El concepto de felicidad de la clase alta es siempre deshonroso para las clases subalternas. Es decir: el pobre no puede gozar del esfuerzo de su trabajo. Lo mejor es que esté sometido al escarnio de su opresor. Porque es la normalidad imperante. Esta cosa tortuosa de pagar la luz, el agua, el gas y hasta las papas en dólares. Todo comunicado para un combo de idiotas en un marco de idiotez generalizada. Los idiotas necesitan odiar al otro para evanecerse. Ni siquiera para crecer, diluidos en su profunda idiotez.

Un punto nodal que el peronismo siempre se dedicó a destruir con hechos concretos. Para el peronismo no existía el hambre. Las cuatro comidas estaban garantizadas y los únicos beneficiados eran los niños. El peronismo no habla de pan. Habla de justicia y de distribución del ingreso. Es un movimiento expansivo que logró convertir a la sociedad con el surgimiento de la clase media urbana y las capas de trabajadores que se asentaron en Buenos Aires después de 1945.

El que suele defender el goce peronista es el actor Dady Brieva, y lo hace desde su identidad. “¿Por qué el negro no puede vivir en Puerto Madero o andar en un coche alemán? ¿Dónde está escrito que los laburantes no pueden darse los mismos gustos que los ricos e irse de vacaciones con su familia al lugar que quieran? ¿Por qué dejamos que controlen nuestro deseo con parámetros ajenos?”.

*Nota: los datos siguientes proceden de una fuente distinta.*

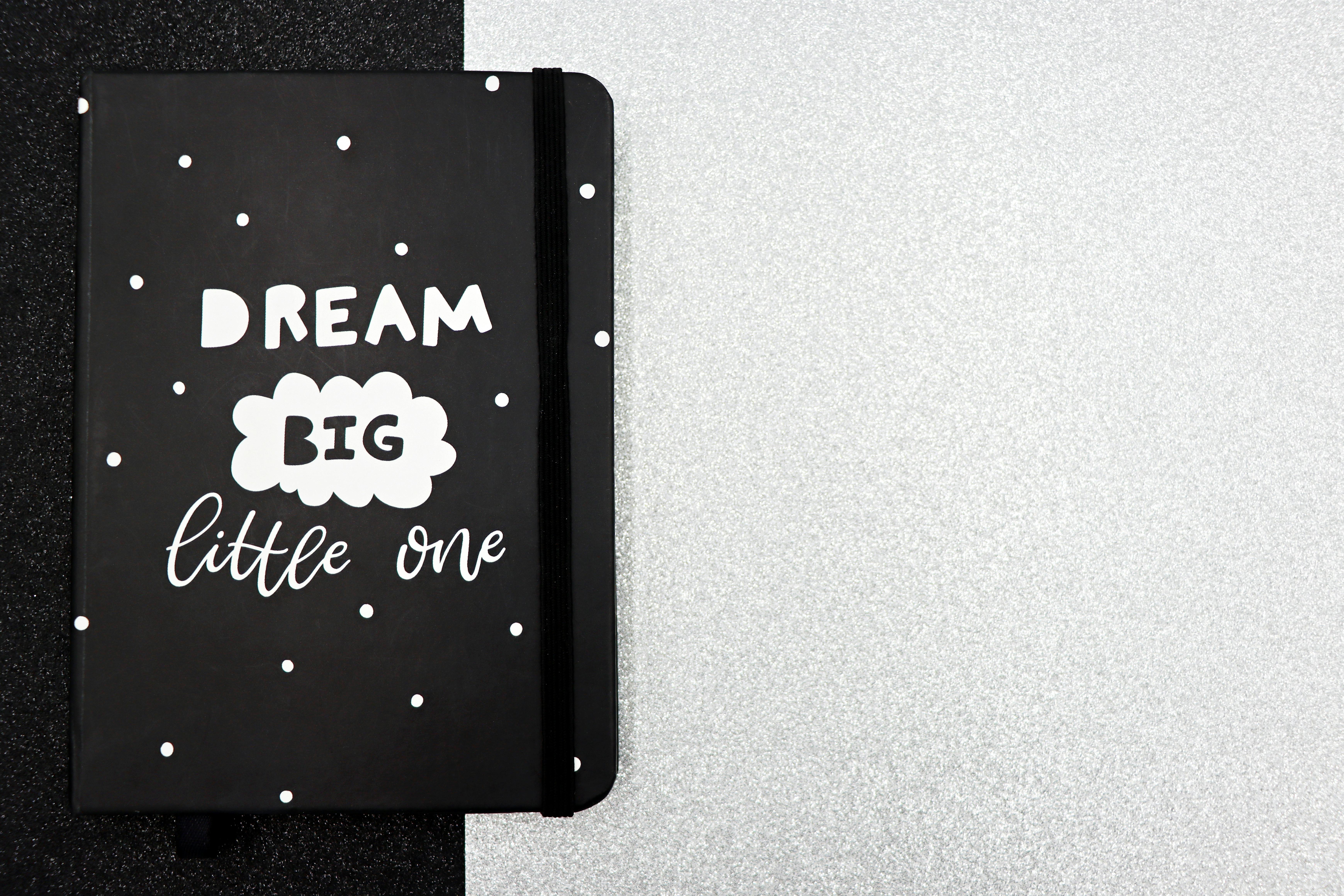 Black notebook with 'Dream Big Little One' quote on textured background, perfect for inspiration.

Lo propio se han preguntado Pedro Saborido y Daniel Santoro en diversas charlas y debates. El espinoso asunto de “subir a todos y todas al goce capitalista” genera resquemor incluso en sectores del progresismo vernáculo. Hay una anécdota que puede servir para explicar el incordio. Cuando Evita estaba construyendo la República de los Niños en La Plata (proyecto que le sirvió a Disney de ejemplo) fue visitada por un familiar de la ministra de Seguridad, Francisco Bullrich, quien cuestionó los chalets y el costo de los pisos de roble de Eslovenia. “Con ese mismo dinero yo le garantizo que puedo construir cincuenta o sesenta viviendas para obreros”, dijo Bullrich. Evita le preguntó cómo serían esas viviendas para obreros. Y al notar que no reunían la calidad de sus chalets para descamisados, con todas las comodidades, la conversación se terminó.

Evita quería asado para los trabajadores, no falda como promueven los cocineros de clase alta de un canal gourmet en 2018. No es lo mismo. Nunca fue lo mismo. La igualdad tiene sus costos para la convivencia. No es lo mismo negociar salarios al alza, que padecer una inflación del 45%. No es lo mismo fugar 20 mil millones de dólares, que pagar la deuda con el FMI, y en un ciclo de quiromancia del oprobio, endeudarse por un siglo en 116 mil millones de dólares. Lo que se dice una fiesta demasiado cara que será indefectiblemente una herencia atroz. Así las cosas, la felicidad de una minoría odiosa provoca la infelicidad de una mayoría ausente del discurso dominante.

Y mi barrio sigue estropeado. El bodegón vende tres ofertas a la carta. Incluyen una copa de vino, lentejas, pasta y un pollo inflado. Pocos comensales, ocho empleados. El baño abajo. Hay olor a orina. Una escalera país. El local de venta de oro cerró. Donde había un árbol frondoso hay una avenida. Los gatos maúllan desde las terrazas más vacunados que sus dueños.

Evita los mandaría a la mierda con razón.

No hay motivos para ser esclavos. La llave de la felicidad.